Choose typefaces to match the tone of your content. See also:
[http://opinionator.blogs.nytimes.com/2012/08/08/hear-all-
ye-...](http://opinionator.blogs.nytimes.com/2012/08/08/hear-all-ye-people-
hearken-o-earth/)

------
calinet6
"We should accept that most reasonably designed typefaces in mainstream use
will be equally legible, and that it makes much more sense to argue in favour
of serif or sans serif typefaces on aesthetic grounds than on the question of
legibility."

Exactly. _It's an aesthetic choice._ Arguing for legibility or readability or
any scientific purpose is a secondary argument to _simple design sense._

Typographical choices involving both styles of font can work great; it's up to
the designer to make the font match the target style for the correct
functional and emotional impact. Simple as that.

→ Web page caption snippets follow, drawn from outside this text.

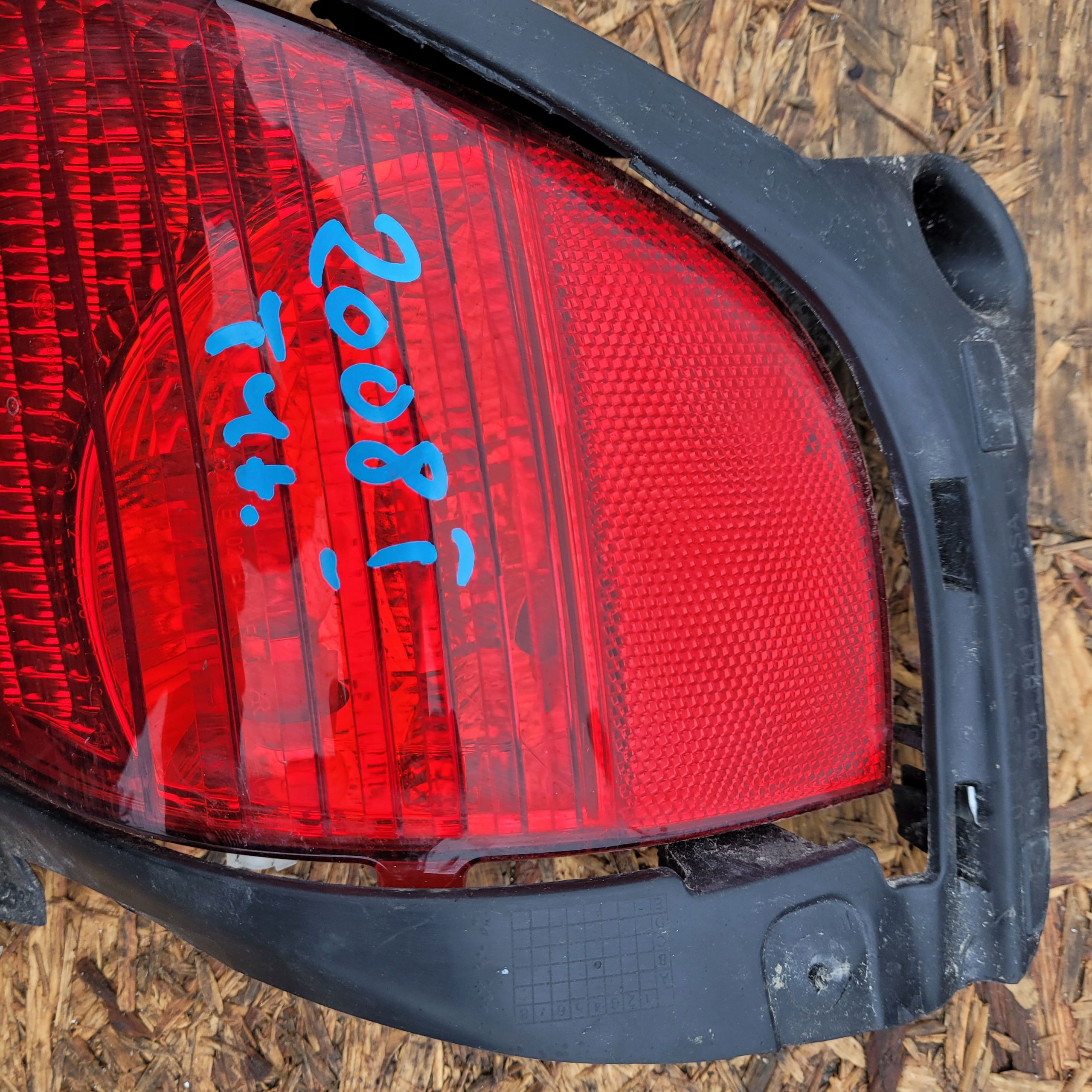 FANALE Paraurti posteriore PEUGEOT 2008 e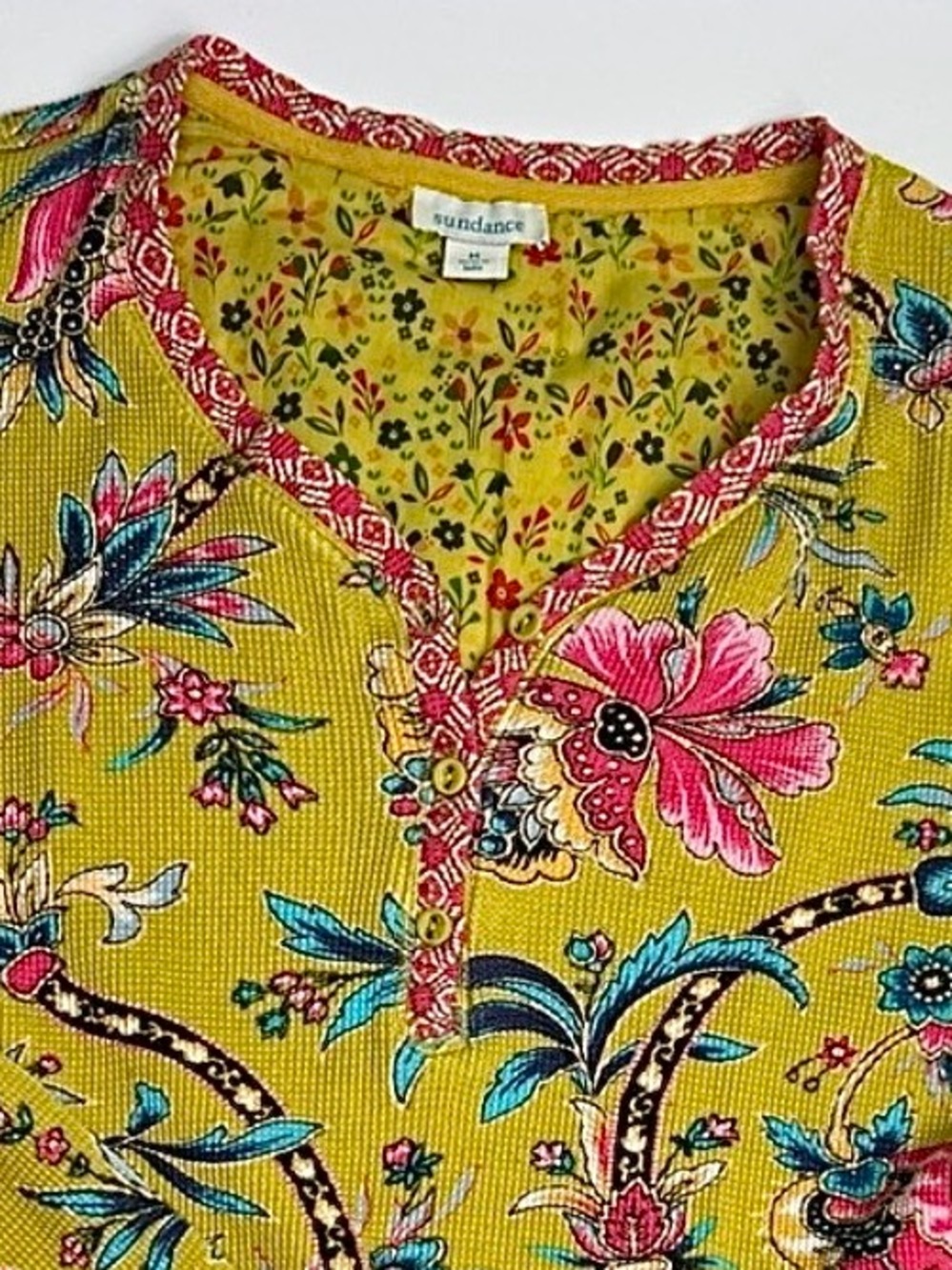 SUNDANCE Top Cotton Paisley Colorful
Waffle Yellow Blue Pink Black Size Medium - Picture 9 of 9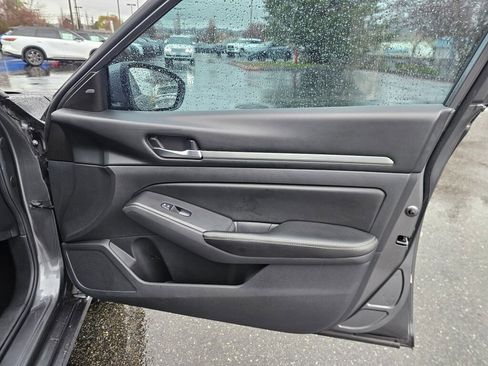 Used 2022 Nissan Altima 2.5 SV image 10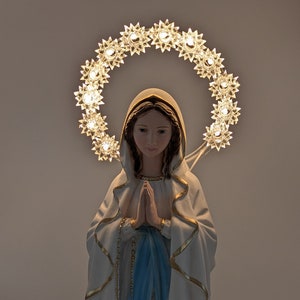 Estatua de Nuestra Señora de Lourdes cm 40 en polvo de mármol con halo luminoso 220 V. Estatua de Nuestra Señora de Lourdes 15,75''. Virgen María.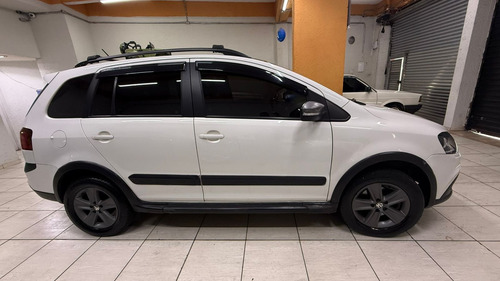 Volkswagen Space Cross 1.6 Total Flex 5p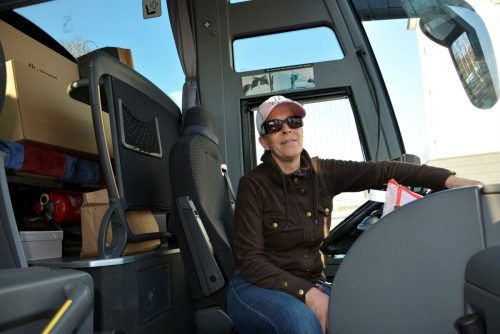 Bettina Bitschi fährt nun ihren Bus in das Verteilerlager nach Linz. EH (3)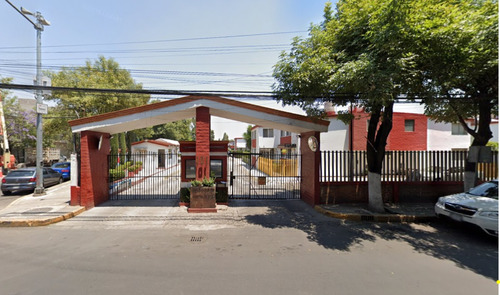 Casa En Venta Benito Juarez # 101, Conjunto Habitacional Los Robles, Col. Espartaco, Alc. Coyoacan, Cp. 04870  Mlci108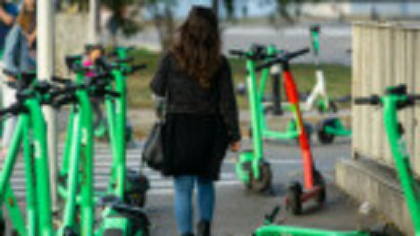 Un primar a anunțat că va interzice trotinetele electrice închiriate după moartea unui băiat de 15 ani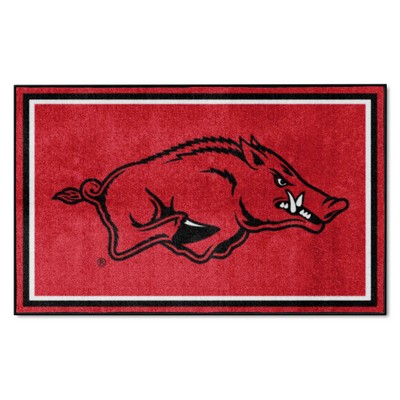 Fan Mats  LLC Arkansas Razorbacks 4x6 Rug Maroon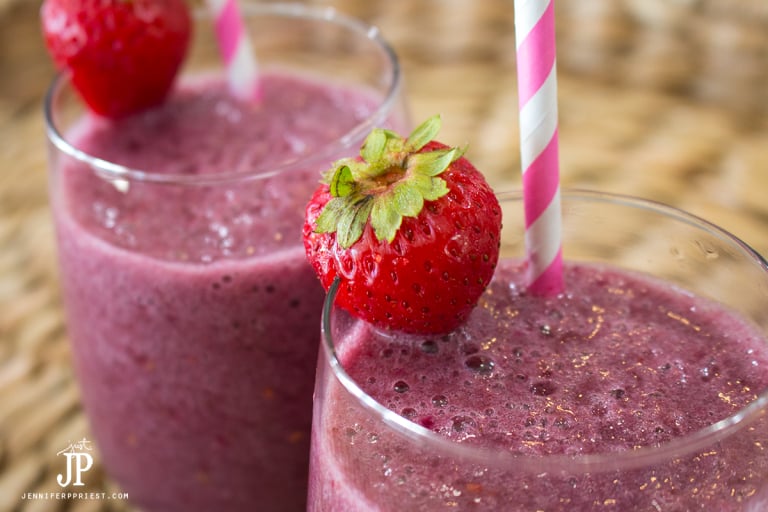 Emergen-C Banana Berry Smoothie Recipe for the Win!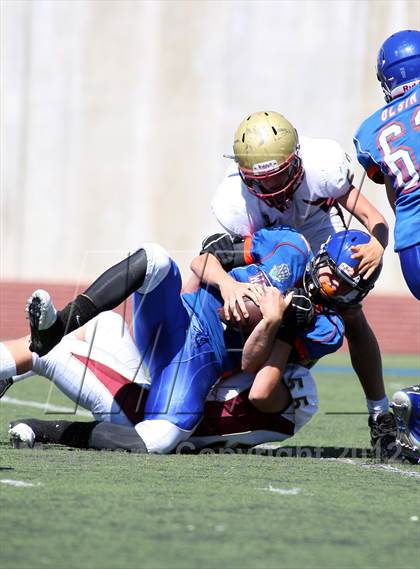 Thumbnail 1 in Westlake vs Oaks Christian (Battle for Veterans) photogallery.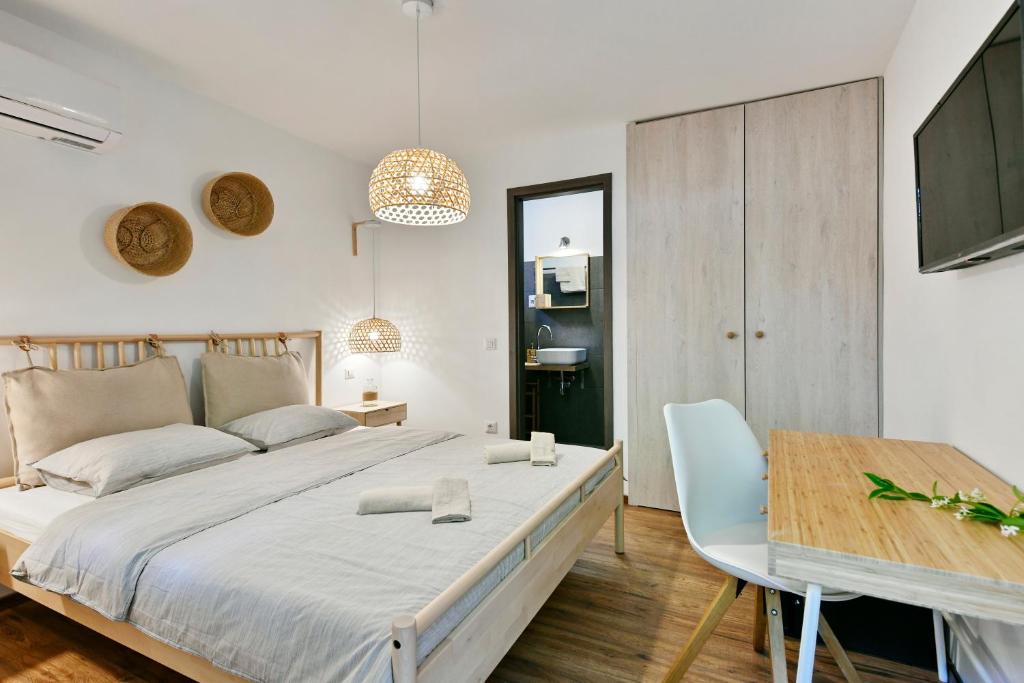 Postel nebo postele na pokoji v ubytování Pikarin rooms B&B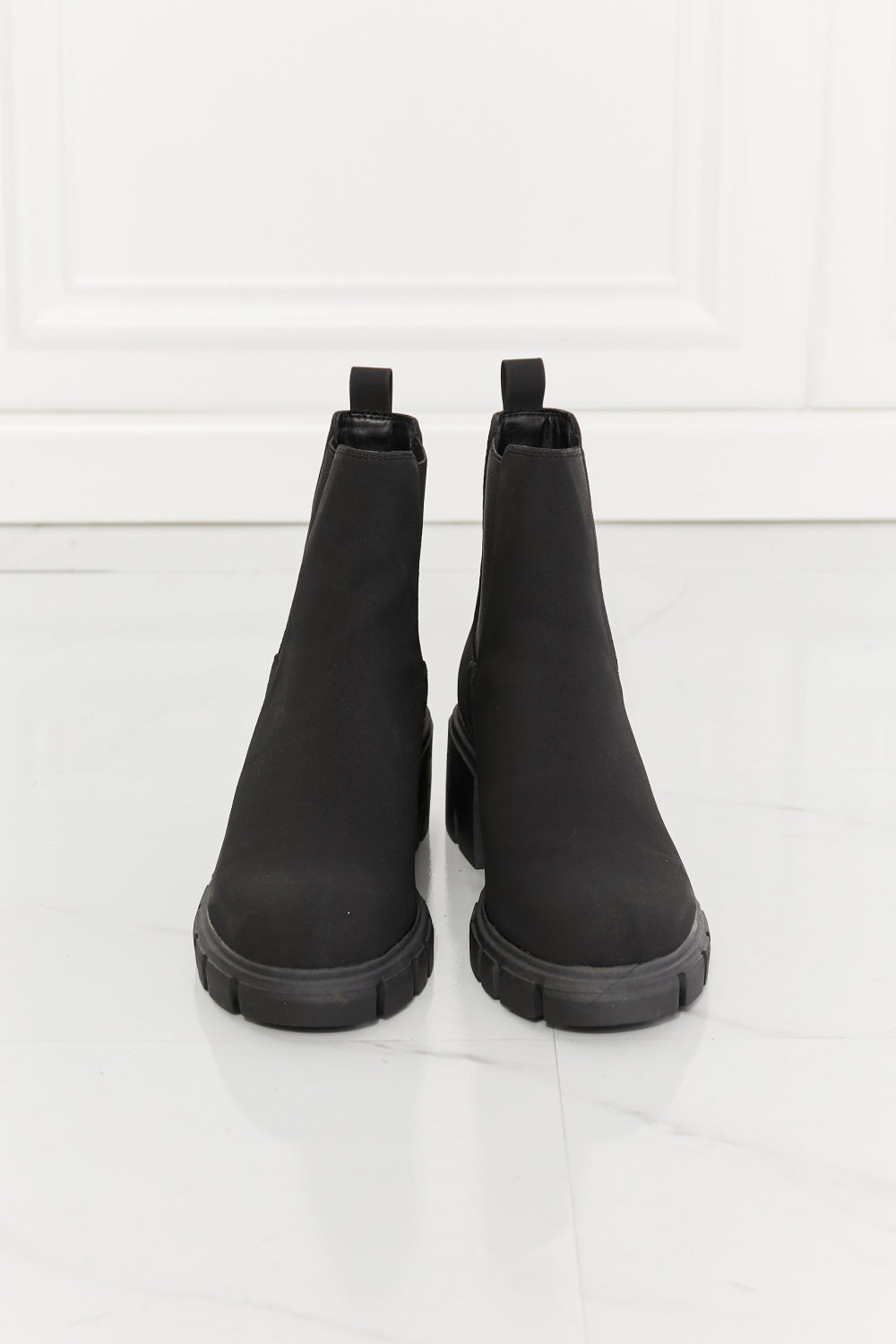 MMShoes Matte Lug Sole Platform Chunky Thick Sole Chelsea Ankle Boots in Black Work For It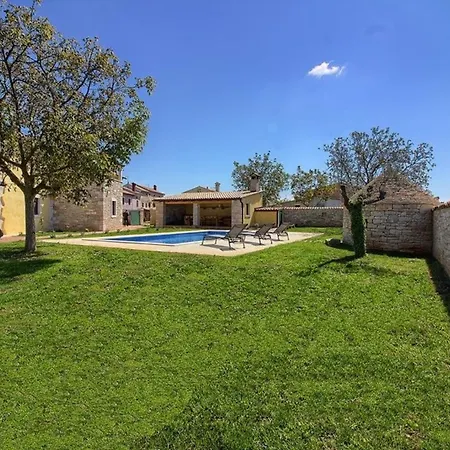 Holiday home Mit Privatpool Fuer 12 Personen Ca 200 Qm In Orbanici, Istrien Binnenland Von Istrien Orbanici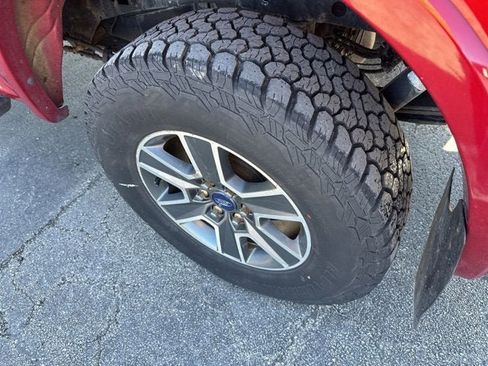 Used 2015 Ford F150 XLT w/ Equipment Group 302A Luxury image 18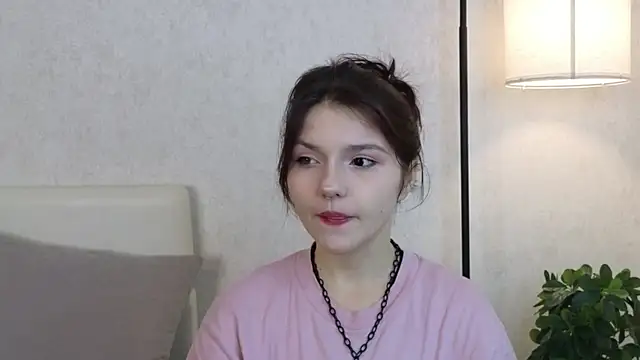 NyraVesperis online show from 05-11-26, 07:32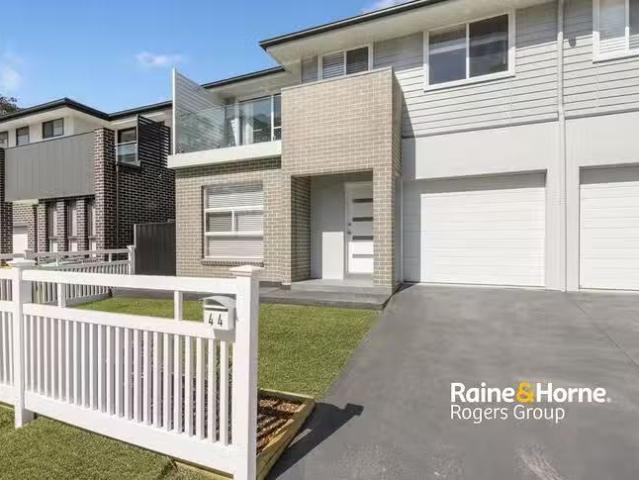 House for rent in Woongarrah, New South Wales
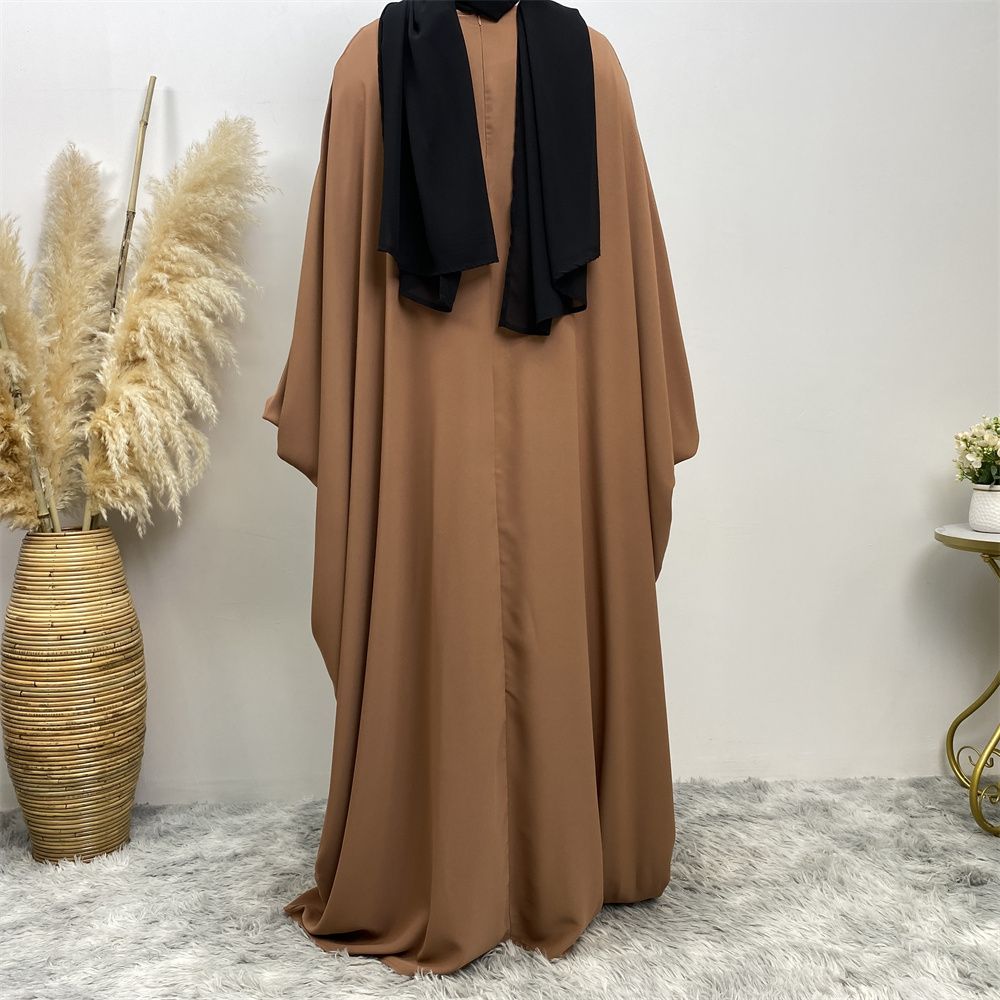 Fashionable Muslim fashion is popular in the Middle East, Dubai, Africa and Turkey. Bat long-sleeved solid-colored robe dresses are selling well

Scientific arguments over fonts and typography have always seemed to me like
analyzing the chemical composition of paint on a canvas to determine its
value. Completely missing the point. Is there a certain measurable utility? Of
course. But when a design works, and evokes the correct emotions for the
presented work in a readable and understandable way, it just works. It's more
functional for being beautiful.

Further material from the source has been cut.